Algunos llevarán grillete electrónico, otros estarán un año encerrados o en su cárcel de preferencia, siempre con beneficios de ‘spa’ por ser cuellos blancos.

Los candidatos para las próximas elecciones presidenciales se han triplicado, todos parece que quieren servir.

Es admirable que tantos ciudadanos quieran trabajar por su país y lograr sacar al Ecuador del agujero negro en que se encuentra. El agujero negro es el horizonte de sucesos y comportamientos humanos que nos han separado de la región, a pesar de que estamos dolarizados.

Tantos candidatos a los que les hacen creer que tienen el respaldo popular. Dentro del mundo en que viven los elogian y asumen que esa es su realidad.

No son los candidatos, son las personas que los rodean los que manejarán el país, por sus aportaciones, por los sánduches, por las camisetas, por las tarimas, por las movilizaciones, por los discursos, por los contactos, por los familiares, amigos y conocidos. Al igual que el virus, se repiten los patrones de comportamiento y afectaciones; al final nos damos cuenta de que la vida es circular, vivimos y morimos.

Veinte y más candidatos que se lucrarán nuevamente del gobierno empobrecido, pero se llevarán lo suficiente para comprarse un departamento o para importar un carro con carné de discapacidad.

Nadie dice nada. Algunos medios cuestionarán, pero al final todos nos damos cuenta de que la justicia está hecha a medida para que el patrón se repita y volvamos a estamparnos con un gobierno obeso, lleno de delincuentes que han saqueado al país.

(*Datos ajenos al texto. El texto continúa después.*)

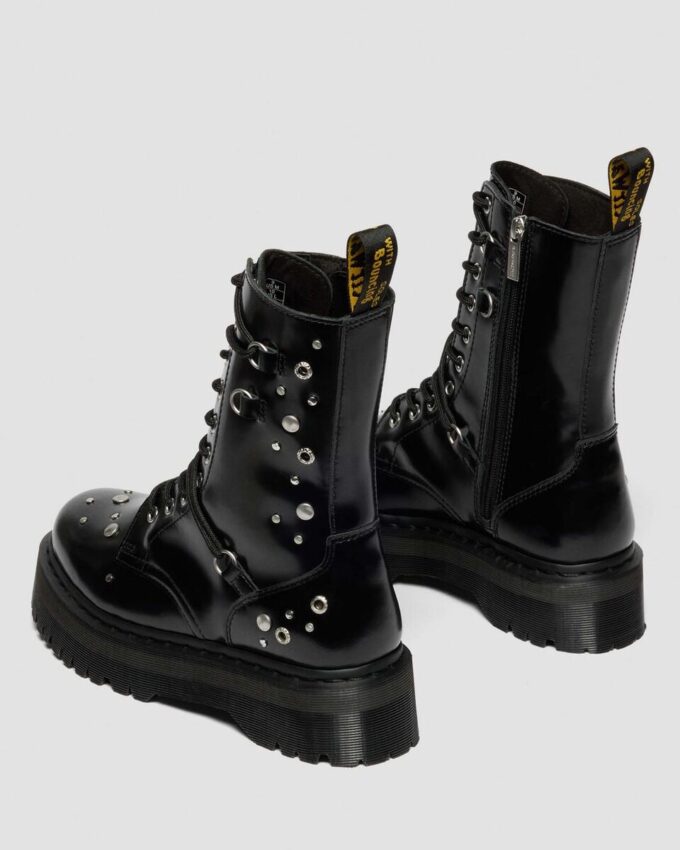 Botas de plataforma con tachuelas Jadon Hi en piel Buttero Botas de plataforma con tachuelas Jadon Hi en piel Buttero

Algunos llevarán grillete electrónico, otros estarán un año encerrados o en su cárcel de preferencia, siempre con beneficios de ‘spa’ por ser cuellos blancos.

Pero seamos positivos. Ojalá que el candidato que gane las elecciones presidenciales en el 2021 lo haga porque recibió el voto popular y no porque apagaron las computadoras.

Mi nombre no es Esperanza porque creo que todo seguirá igual. Nuestras leyes han sido escritas en piedra y a los que les interesa que sigamos en la Edad de Piedra, harán todo lo posible para mantenerlo así, para lograr exprimir hasta la última gota de sangre que quede.